More importantly, Tim is a self declared activist. As an activist, he encourages skeptics to “squat” on certain articles on Wikipedia, of which they are clear antagonists, as in the case of certain biographies of living people. Their treatment of other editors, and other notable individuals they antagonize, is it’s own unique conflict of interest.
Editor suppression tips from Tim Farley
Tim goes on to mention a SPA, or a ‘single purpose account’ that could show a conflict of interest. Something any agenda editor would want to avoid, obviously. Tim suggests skeptic editors should avoid the appearance of operating as a single purpose account.

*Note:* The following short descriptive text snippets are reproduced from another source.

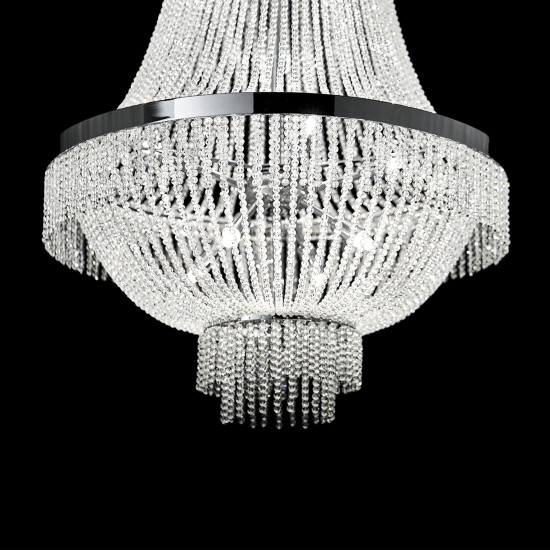 AUGUSTUS Taklampa SP12 Guld 55cm AUGUSTUS Taklampa SP12 Guld 55cm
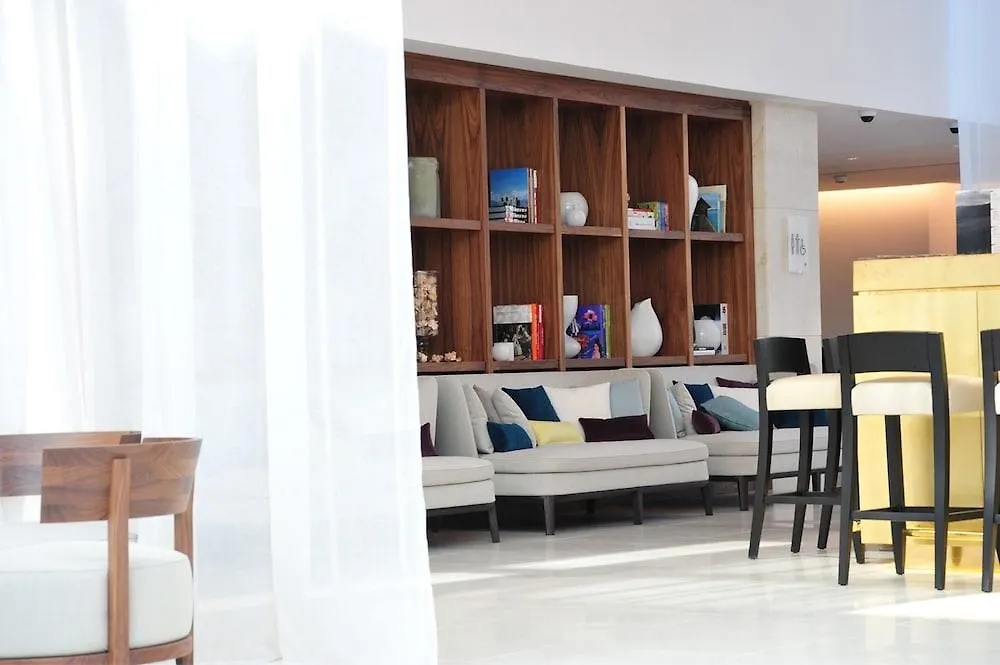 Hilton Barcelona Hotell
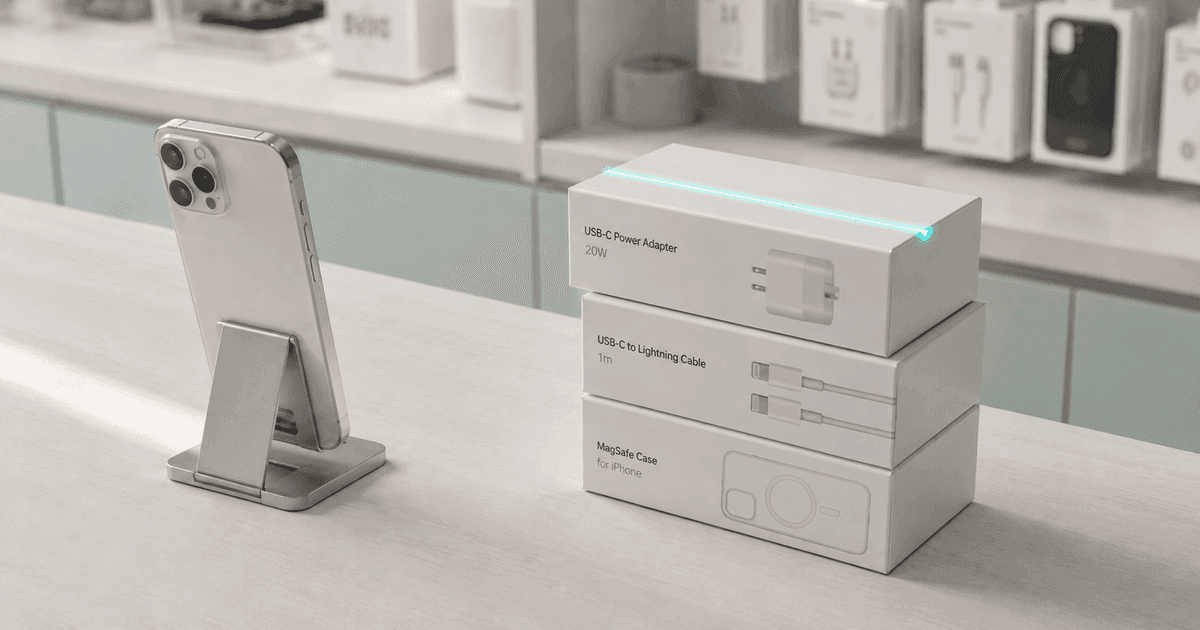 Your staff already carry a barcode scanner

I always advise skeptics to avoid the perception of being an SPA by contributing to non-skeptic-related parts of Wikipedia. Although there is no hard-and-fast rule against being an SPA, accounts which behave this way are often justifiably the target of suspicion of conflict of interest.
So Tim himself is upfront on how to game Wikipedia to avoid suspicion if you are an antagonist of a subject article. Cover up your tracks.
A skeptic activist editor by the name of Vzaak joined Wikipedia in July 2013. The first 200 edits alone were directly to Sheldrake’s article. The next 1500 edits or so were all predominantly skeptic articles. See for yourself.
After Wikipedia, We Have a Problem was published, Wikipedia editor Manul adopted a script on Wikipedia that allowed their account to make simple changes to various types of articles with a bot, creating the illusion of participation across many articles when organically – their natural edits focus on skeptic topics or issues.
After Wikipedia, We Have a Problem became more influential, other Wikipedia editors on Wikipedia began to share it when they were being targeted for suppression by Vzaak.
Shortly thereafter, Vzaak changed their editing name to Manul.
Consider, Manul initiated their Wikipedia editing clearly as an SPA for skeptic activism.
I’m surprised that Manul’s own SPA on the Sheldrake article never came into question on Tim’s blog, as he is often quick to embarrass targets of skeptic activism for the slightest of activity on Wikipedia.
Ironically, Tim’s blog’s last question on the subject is from my point of view remarkably ironic, and I quote;
“Could the accuser be guilty of the very thing they accused?”
Yes, that is exactly what I am saying.